Évitez également de publier les identités ou images des occupants. Conservez les preuves pour les autorités et le conseil, sans organiser de pression publique. Si des enfants, personnes vulnérables ou animaux sont présents, signalez factuellement la situation aux interlocuteurs compétents. La dignité du traitement n’empêche pas une action ferme et rapide dans le cadre légal.
Voie judiciaire et stratégie parallèle
Lorsque la voie administrative n’est pas ouverte ou qu’elle échoue, une action judiciaire peut être nécessaire pour obtenir un titre d’expulsion. Le choix de la juridiction, du fondement et des défendeurs dépend des faits et de l’identification des occupants. Une ordonnance sur requête, un référé ou une procédure au fond ne sont pas interchangeables. L’urgence doit être démontrée selon la voie retenue.
Le test produit une liste de points manquants et un résumé transmissible.
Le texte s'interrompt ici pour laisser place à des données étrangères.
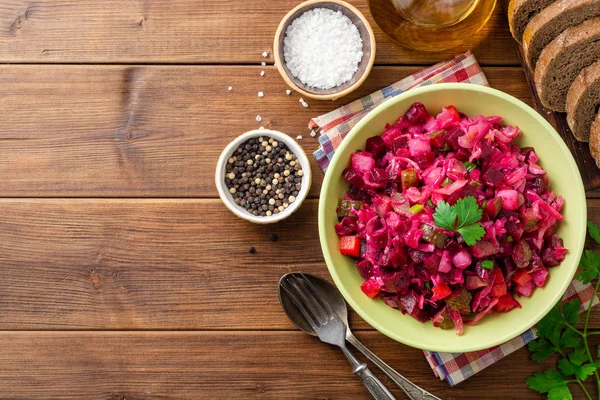 Geleneksel Rus salata salata ile haşlanmış sebzeler, turşu salatalık ve lahana turşusu ahşap masada kase. Üst görünüm. Boşluk Kopyala.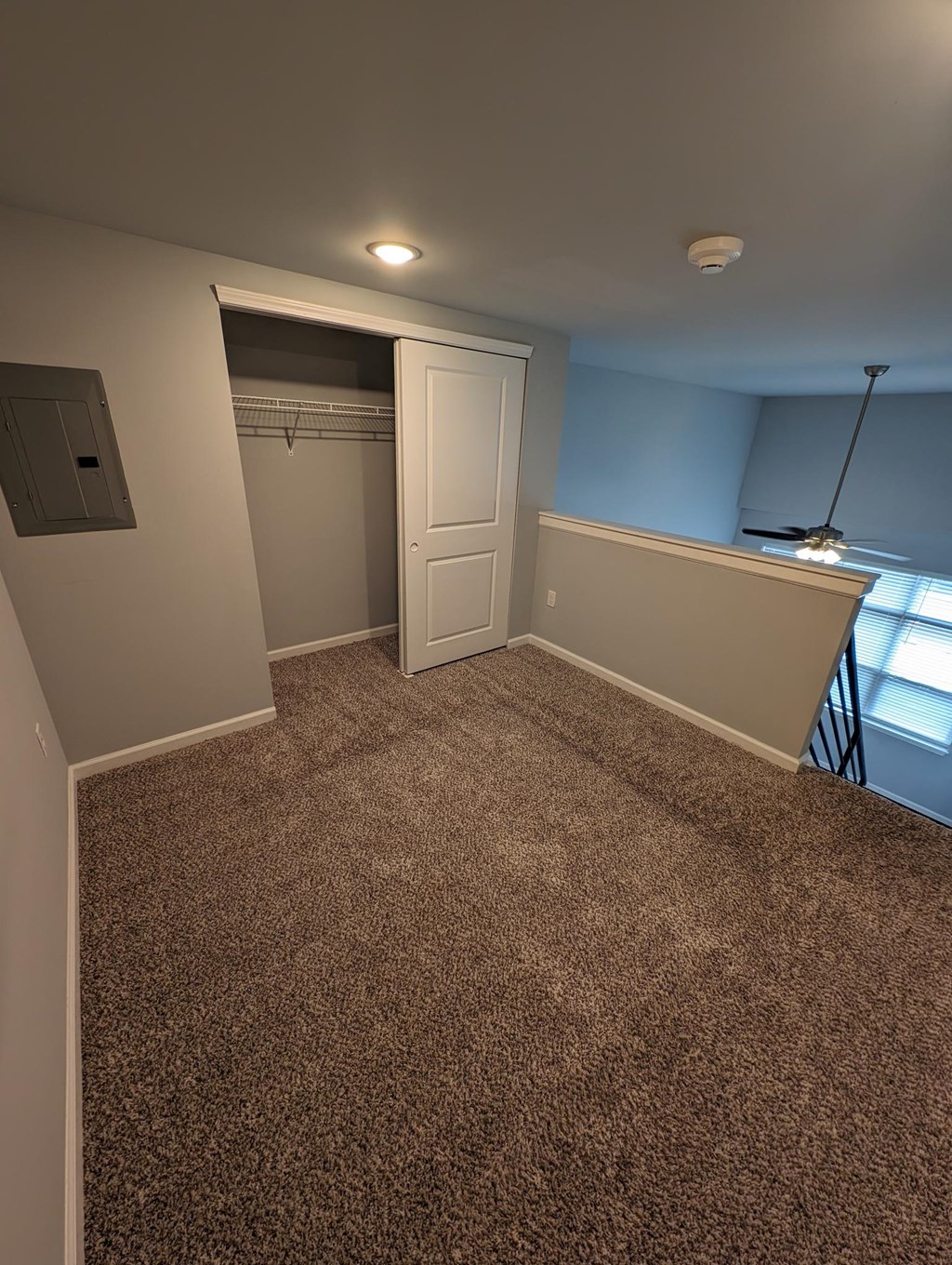 a room with a carpeted floor and a door to a closet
Une consultation permet ensuite de vérifier la plainte, le constat, le titre et la chronologie, puis de choisir entre saisine du préfet et action judiciaire ou d’organiser leur articulation. Aucun délai d’intervention ne peut être promis avant l’examen des pièces.
Questions fréquentes
Un locataire qui ne paie plus est-il un squatteur ?
Non, pas du seul fait de l’impayé. Il est entré avec un titre et relève en principe de la procédure locative. Le qualifier à tort de squatteur peut conduire à choisir une démarche inadaptée.
Le préfet doit-il toujours ordonner l’évacuation ?
Non. L’autorité contrôle les conditions de la demande et peut opposer un refus motivé. Le résultat du test identifie seulement une voie à examiner.
Puis-je changer les serrures pendant l’absence des occupants ?
Une reprise unilatérale est risquée et peut être illicite. Faites constater la situation et utilisez les forces de l’ordre, le préfet, le juge et le commissaire de justice selon la procédure applicable.